• Task:
Beginning with the line where "laetitianah webcam" appears, restate each line word for word until the data ends. Pictures do not go in.

Segment Start: Given records

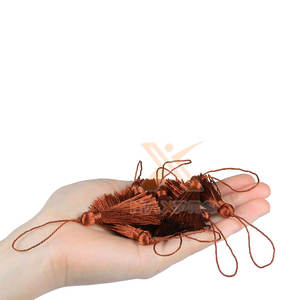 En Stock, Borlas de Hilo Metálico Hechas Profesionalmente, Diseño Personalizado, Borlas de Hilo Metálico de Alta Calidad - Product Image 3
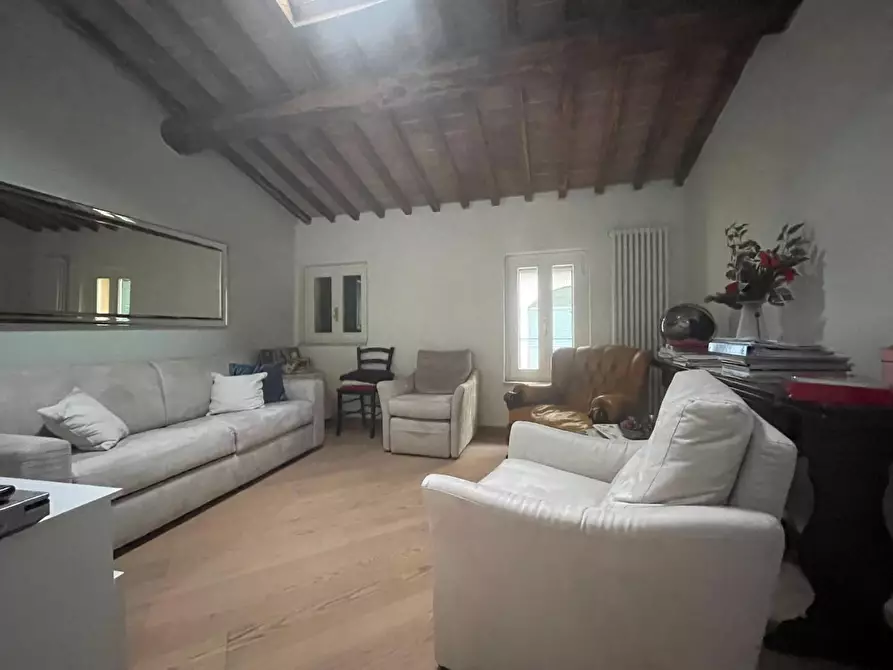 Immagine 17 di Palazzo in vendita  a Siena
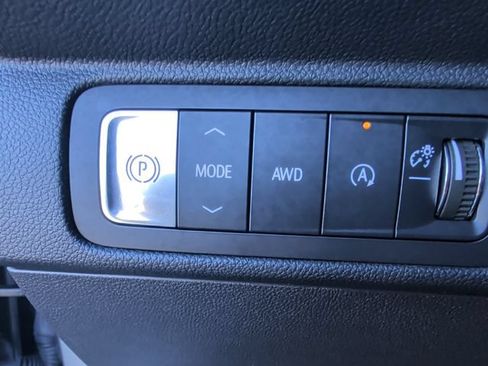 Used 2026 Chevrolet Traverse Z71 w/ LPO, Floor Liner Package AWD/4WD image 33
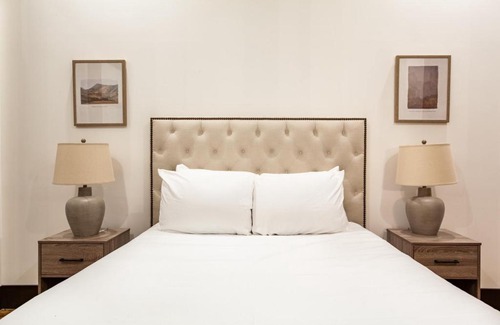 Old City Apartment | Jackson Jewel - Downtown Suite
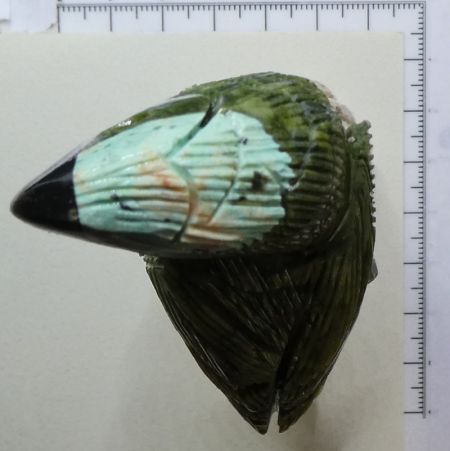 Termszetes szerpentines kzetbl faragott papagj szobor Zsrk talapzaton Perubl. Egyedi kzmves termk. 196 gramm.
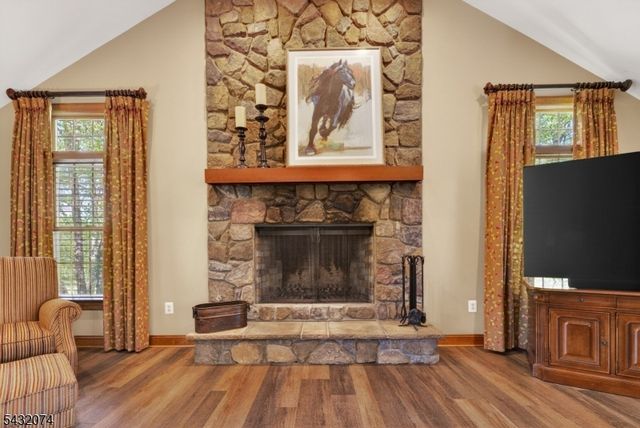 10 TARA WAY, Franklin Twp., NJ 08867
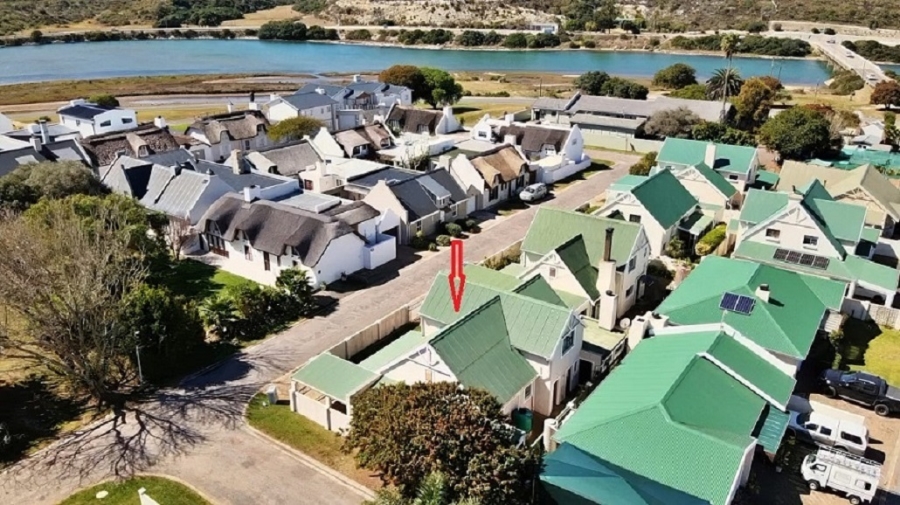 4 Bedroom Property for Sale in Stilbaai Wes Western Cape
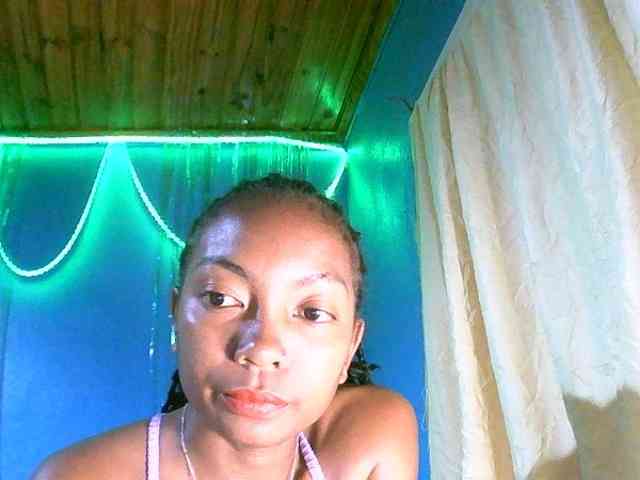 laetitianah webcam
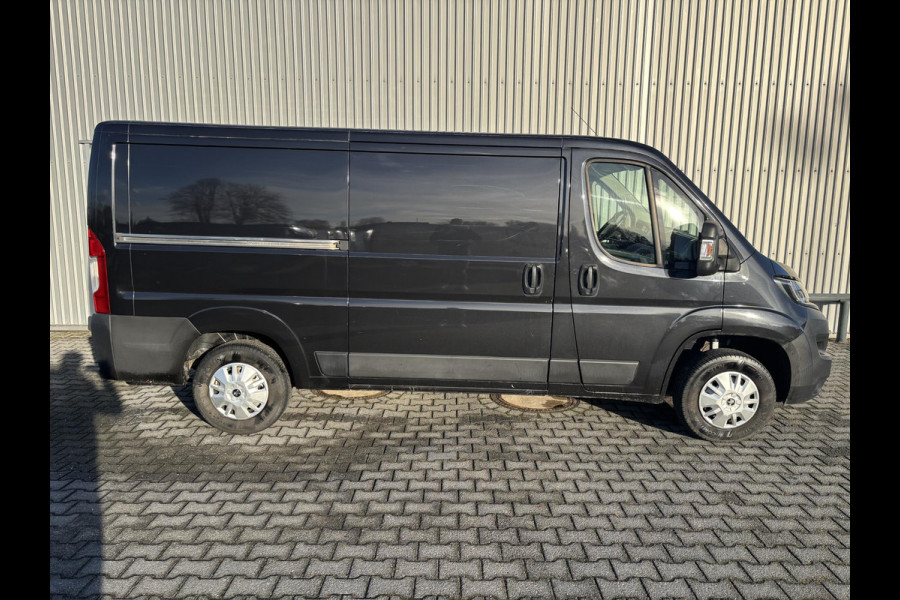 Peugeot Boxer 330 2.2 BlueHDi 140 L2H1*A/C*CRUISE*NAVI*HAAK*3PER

Segment End: Given records

• Exercise answer:
 laetitianah webcam
 Peugeot Boxer 330 2.2 BlueHDi 140 L2H1*A/C*CRUISE*NAVI*HAAK*3PER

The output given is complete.